07
de outubro de 2014 | N° 17945
FABRÍCIO
CARPINEJAR
Ainda confundo amor com
apego
Os
amigos são minha família para meus familiares.
É
meu temperamento de gringo, herdado dos pais.
Penso
que o pior pode acontecer. Penso em sequestro, assalto, violência, quadrilhas,
máfia.
Os
pesadelos mais terríveis nascem da imaginação, não dos sonhos.
Não
me perdoaria só de supor que um ente amado de casa pode ser machucado e não agi
para defendê-lo com antecedência.
Para
um italiano da colônia, a covardia está no pensamento, não acontece na reação
aos fatos: é simplesmente não se antecipar.
Sou
chato para a esposa e filhos. Mas não tem jeito.

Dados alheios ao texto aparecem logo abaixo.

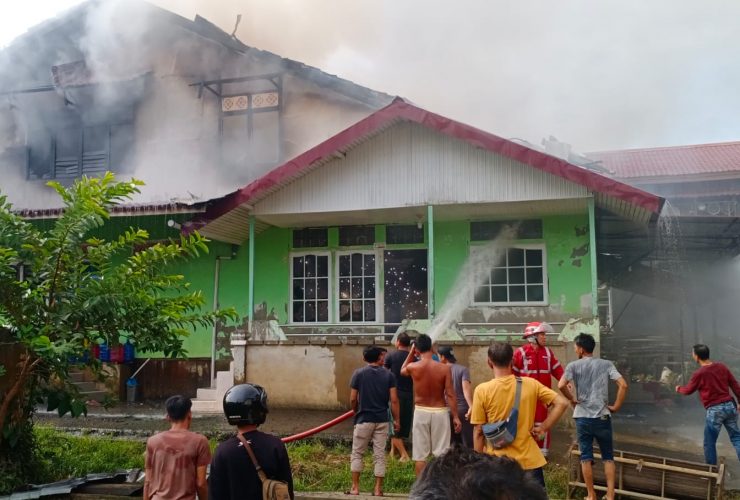 kebakaran rumah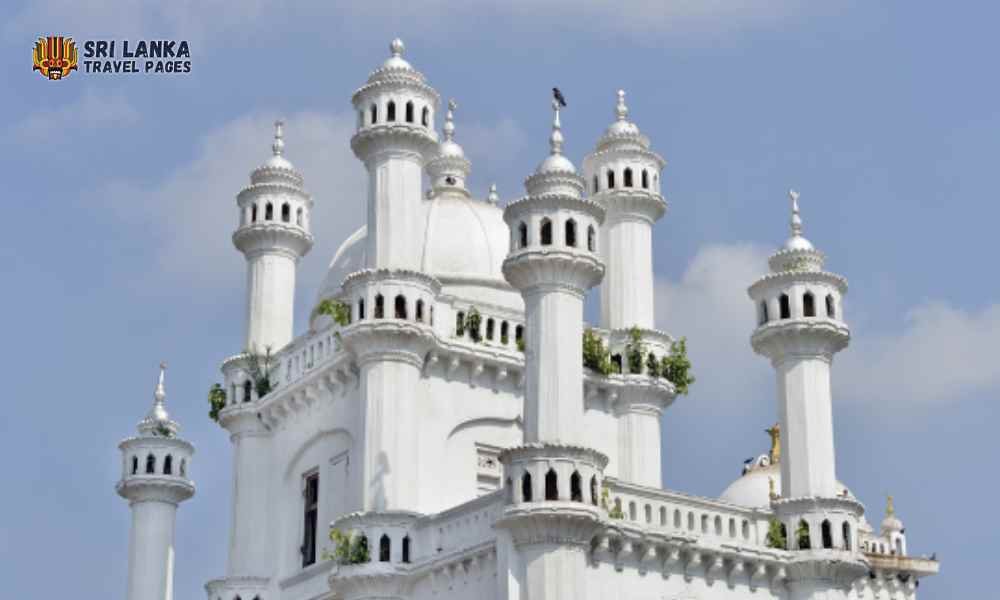 Minareti della Moschea Dewatagaha – Colombo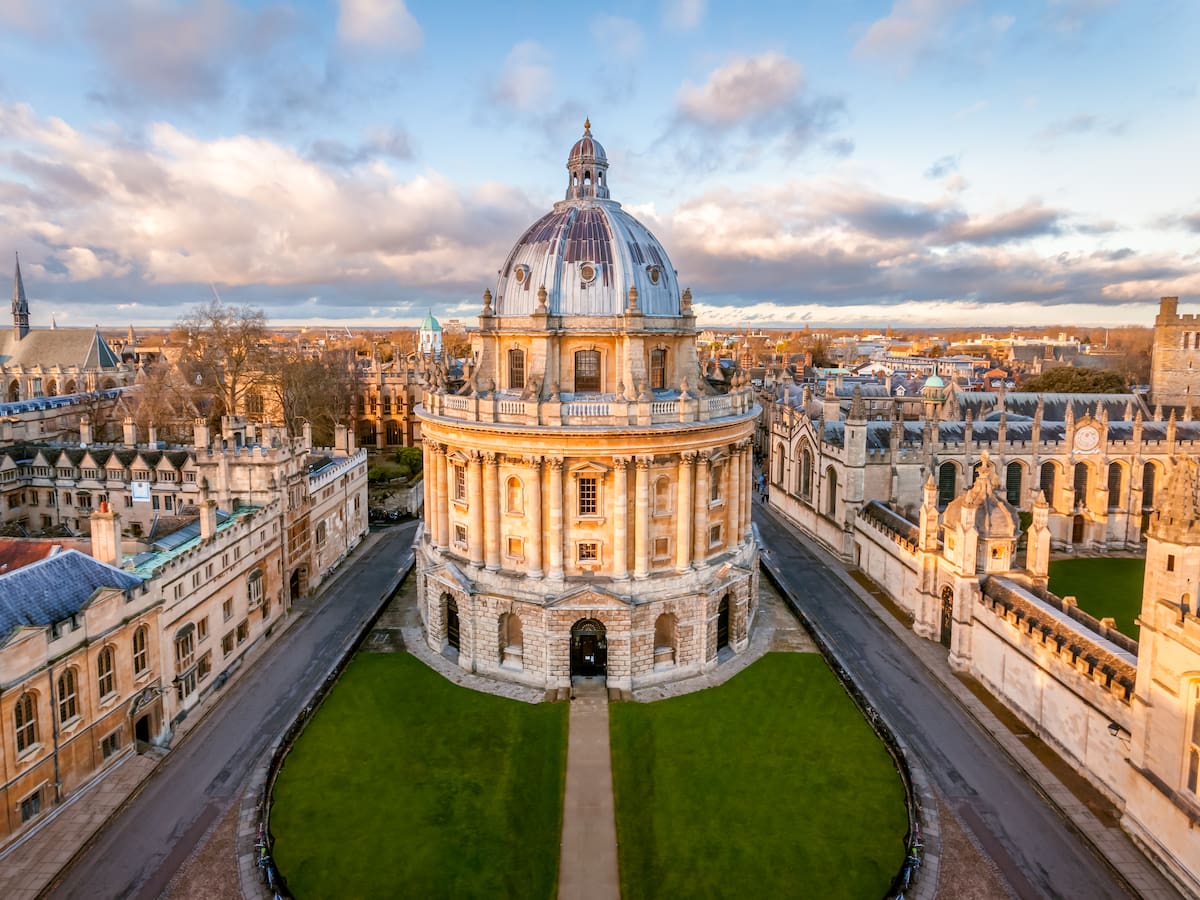Una de ellas es la mejor pagada: Universidad de Oxford reveló las carreras más estresantes para los chilenos
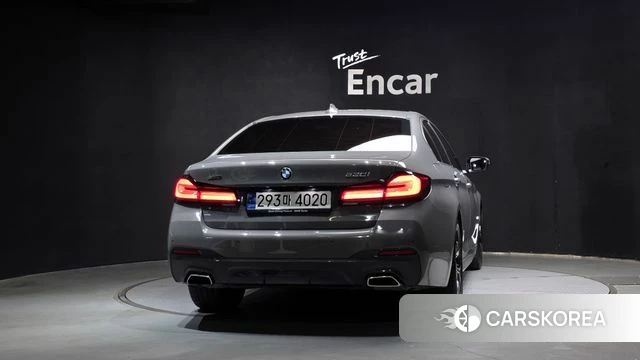 BMW 5 Series (G30) id 4871708 из Кореи 25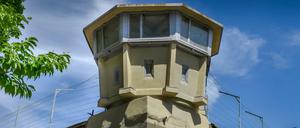 Wachturm der Stasi-Gedenkstätte Hohenschönhausen.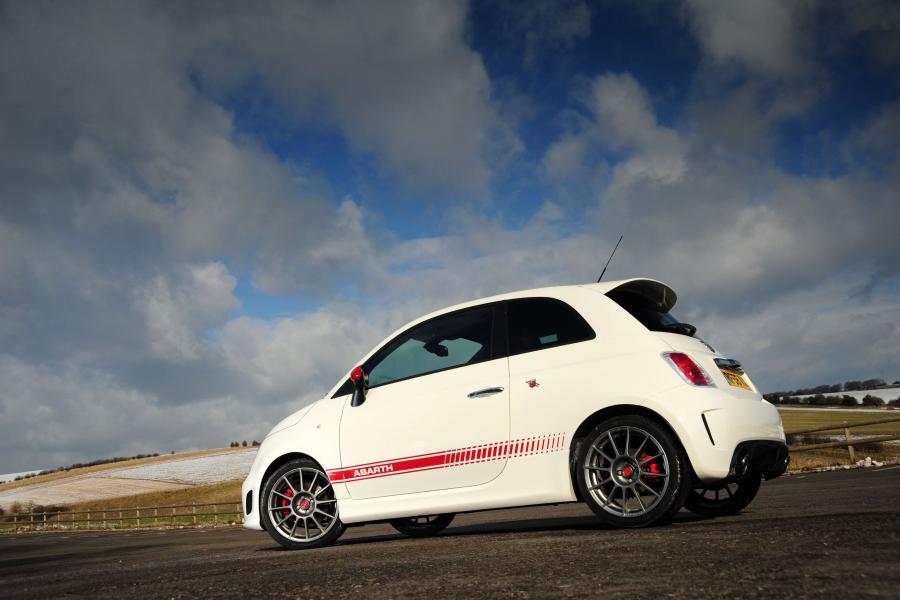  Abarth 500 esseesse 2009 года  (UK) (фото 12 из 29)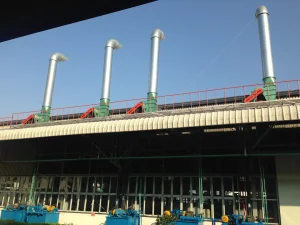 Quạt ly tâm trung áp và ống thoát khí trên mái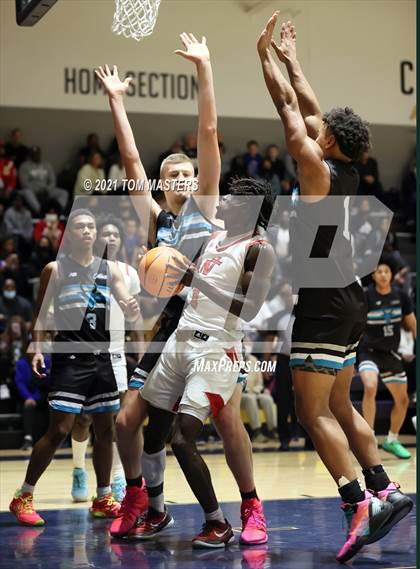 Thumbnail 1 in Northside Christian Academy vs. Combine Academy (@ Carmel Christian) photogallery.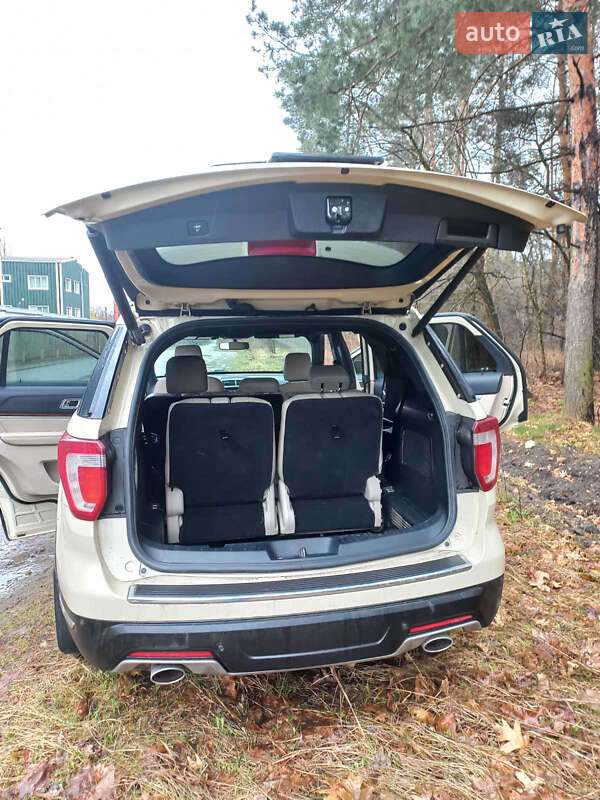 Внедорожник / Кроссовер Ford Explorer 2018 в Киеве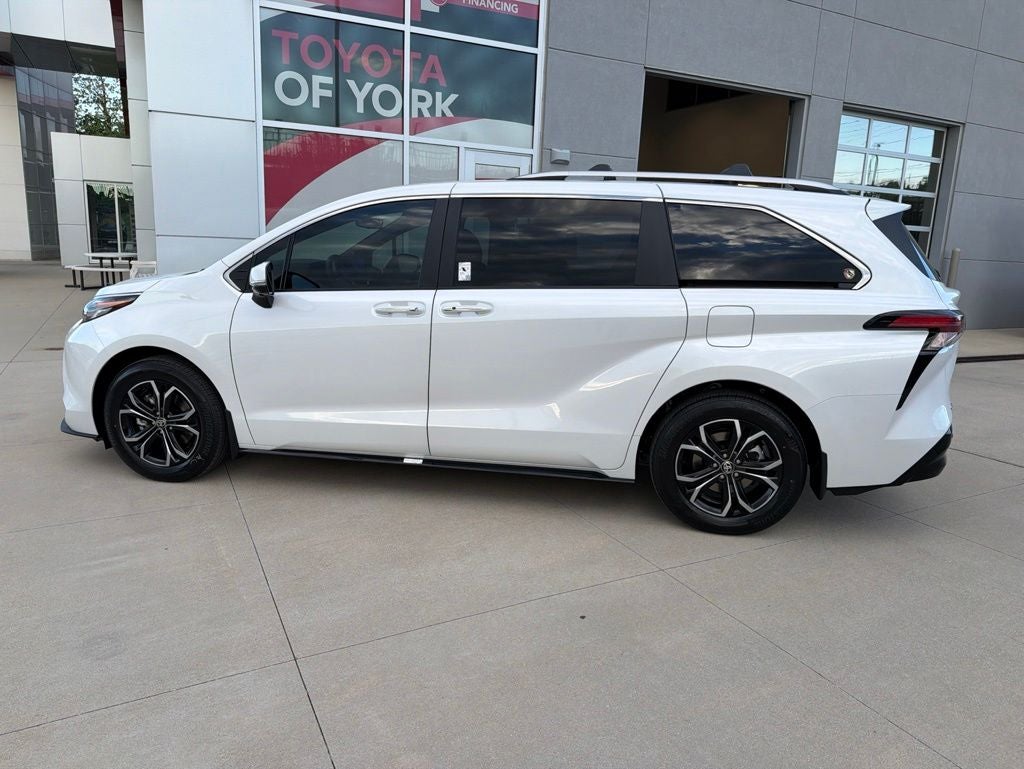 2026 Toyota Sienna Platinum 7 Passenger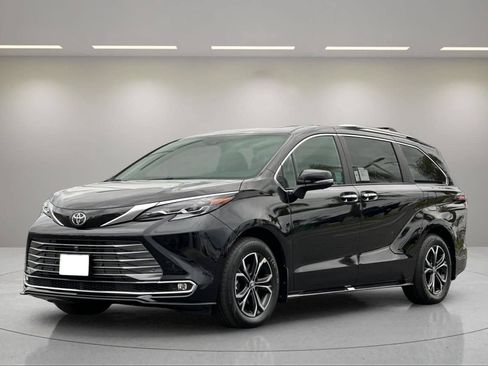 New 2026 Toyota Sienna Platinum AWD/4WD image 14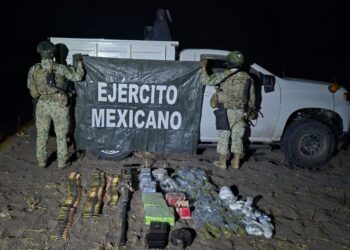 Derivado de una agresión, Grupo Interinstitucional asegura camionetas blindadas, armamento y droga en Mocorito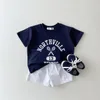 Corea Niño Niño Bebé Niños Niñas Camiseta Ropa Tenis de verano Camiseta de algodón Ropa Graffiti Imprimir Niños Top Traje infantil 240326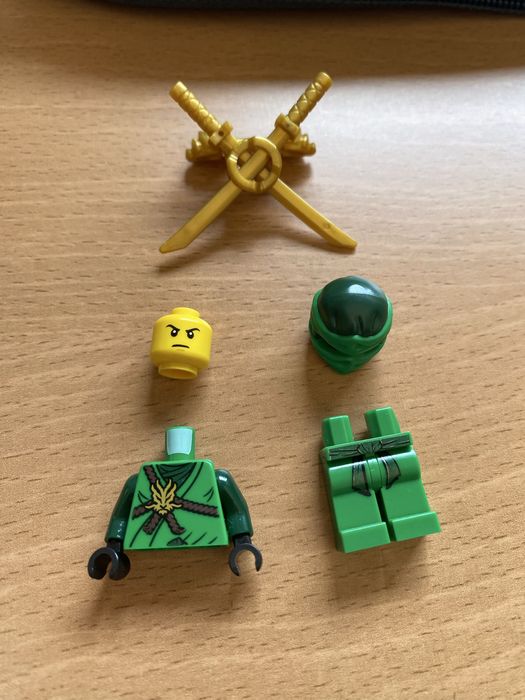 Lego lloyd honor robe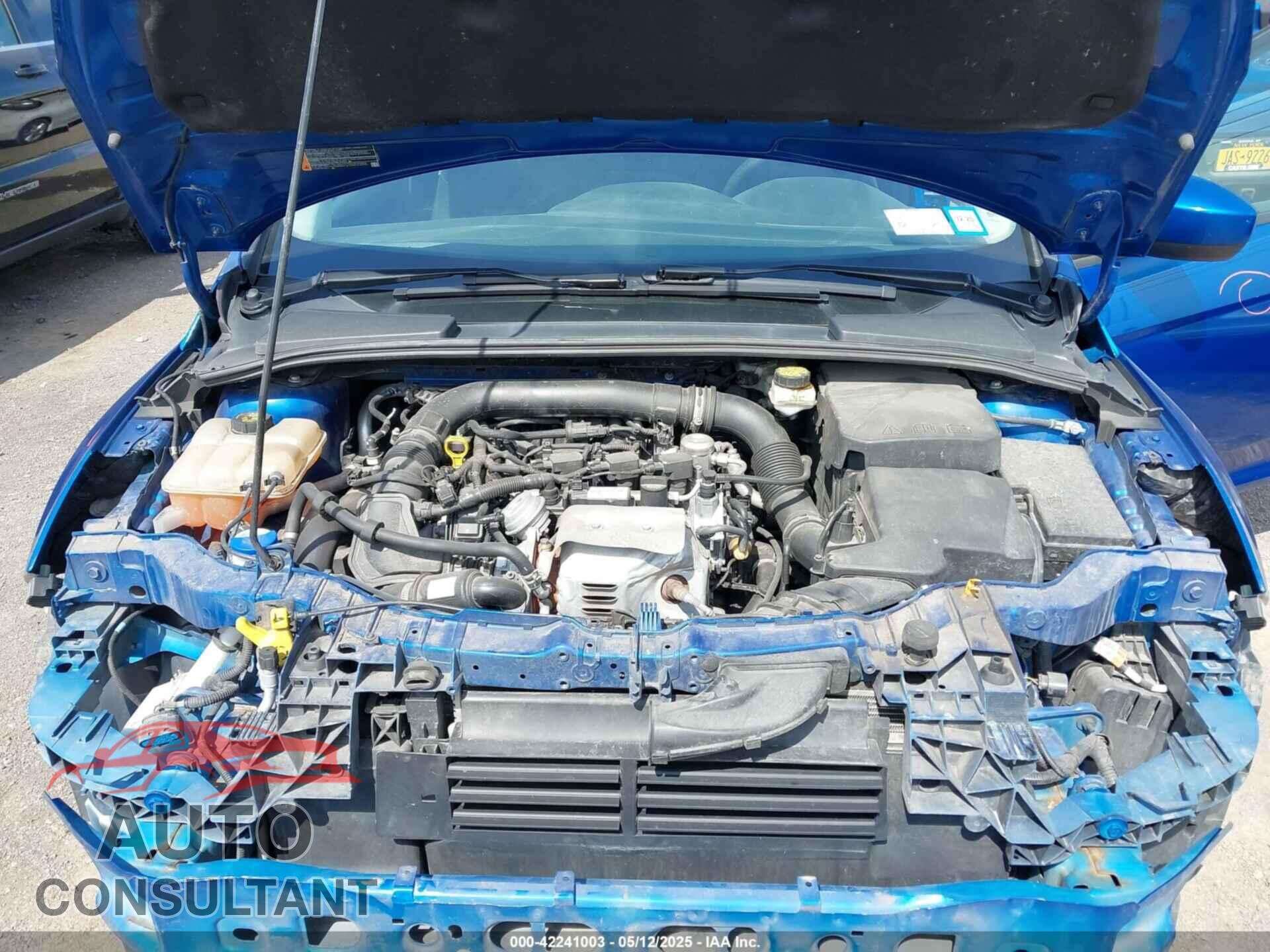 FORD FOCUS 2018 - 1FADP3FE8JL239433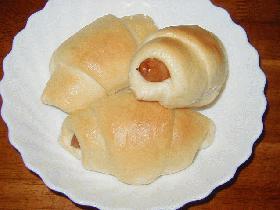 手作りパン(ウインナーロール)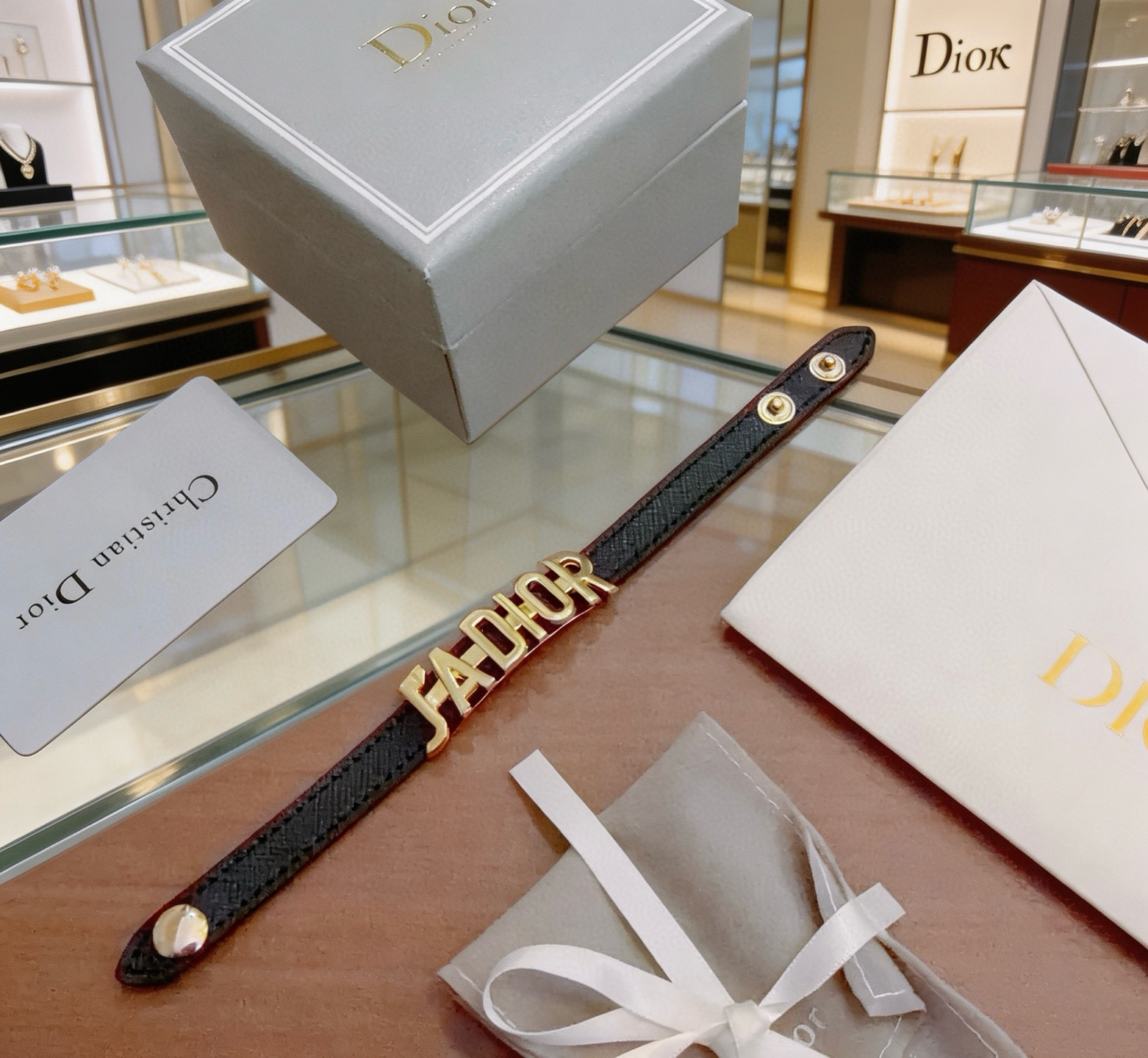Dior 高品质迪奥牛皮手绳手链 新款开模 潮流 男女均可佩戴 同款 摇滚朋克泰银风格 元素 潮流百搭 牛皮最新款链条档次更高明星 款项链系列
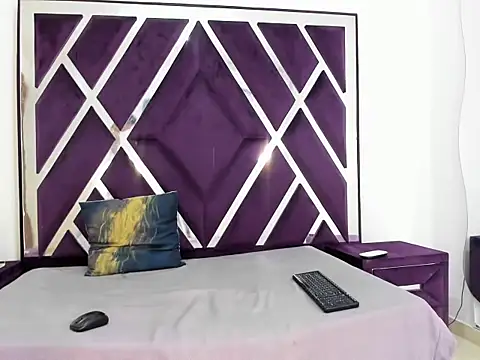 ninaasm online show from January 2026 12:54:01 PM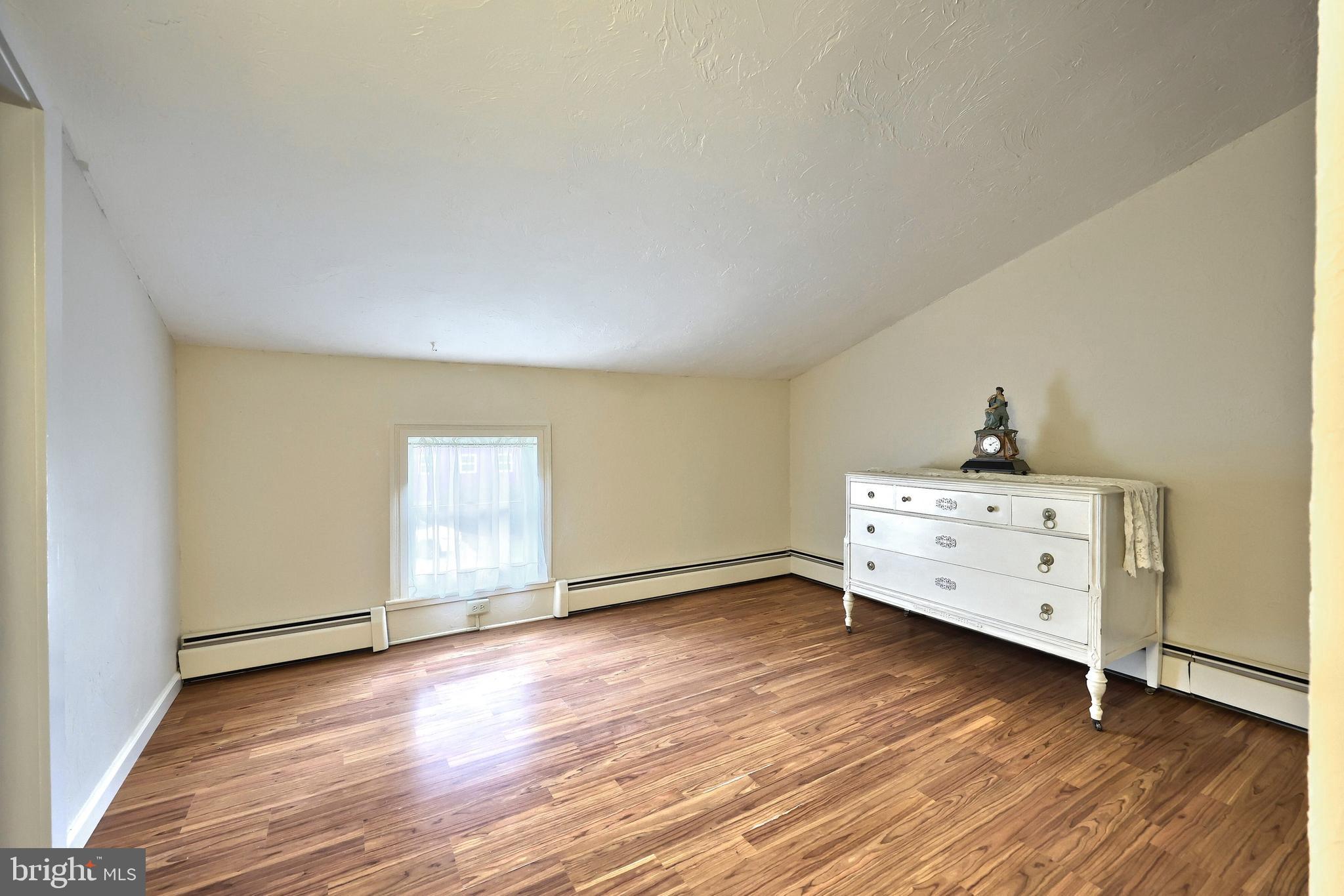 WEST MANHEIM - Residential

Quando um deles viaja, sempre
digo que conheço alguém onde eles estão indo e alcanço o endereço e o telefone
em caligrafia caprichada.
É
uma regra de meu paternalismo: cuidar excessivamente daqueles que amo, a ponto
de sufocar.
Tenho
tendência de Google Maps.
Entendo
que estou sendo prevenido, eles entendem que estou sendo paranoico.
Se a
minha mulher parte para a Argentina, logo saco de minha caderneta de contatos
quem eu conheço de lá.
–
Olha, tenho esses amigos argentinos. Quando precisar de qualquer coisa, não
deixe de procurá-los.
Entrego
o papel com os endereços e um mapinha. Chego a avisar os hermanos de que ela
está indo e para ficarem a postos. Converto uma situação eventual (último caso)
em prioridade.
É
óbvio que ela jamais vai telefonar. Não há esperança. Não há sentido na
proposta.
Ela
não pediu nada, sabe se virar sozinha, tem seus próprios amigos e conexões. Mas
não canso de repetir o rito a cada viagem.
Ela
decidiu aceitar para gerar menos trabalho. Dobra o papel para nunca mais
encontrar em sua bolsa. Eu, louco de pedra, tento ver em que zíper colocou o
recado para lembrá-la mais adiante. Vá que me diga que perdeu a folhinha...
Minha
filha vai para o Chile, faço um rastreamento dos conterrâneos no país de Neruda
e já providencio uma lista de retaguarda.
Ela
se ofende com razão, transmito a impressão de que não confio nela, concedo
tratamento de menor de idade, instauro um clima de suspeita que não fortalece o
relacionamento.
Eu
atropelo a confiança com o controle que vem do meu medo. Eu retiro a
independência de qualquer um com meu protecionismo. Porque confundo ainda amor
com apego. Apego é não sair de perto, amor é estar por perto.
Todo
gringo tem células espalhadas pelo mundo. Não
me dou conta, mas sou o pior que pode acontecer para minha família.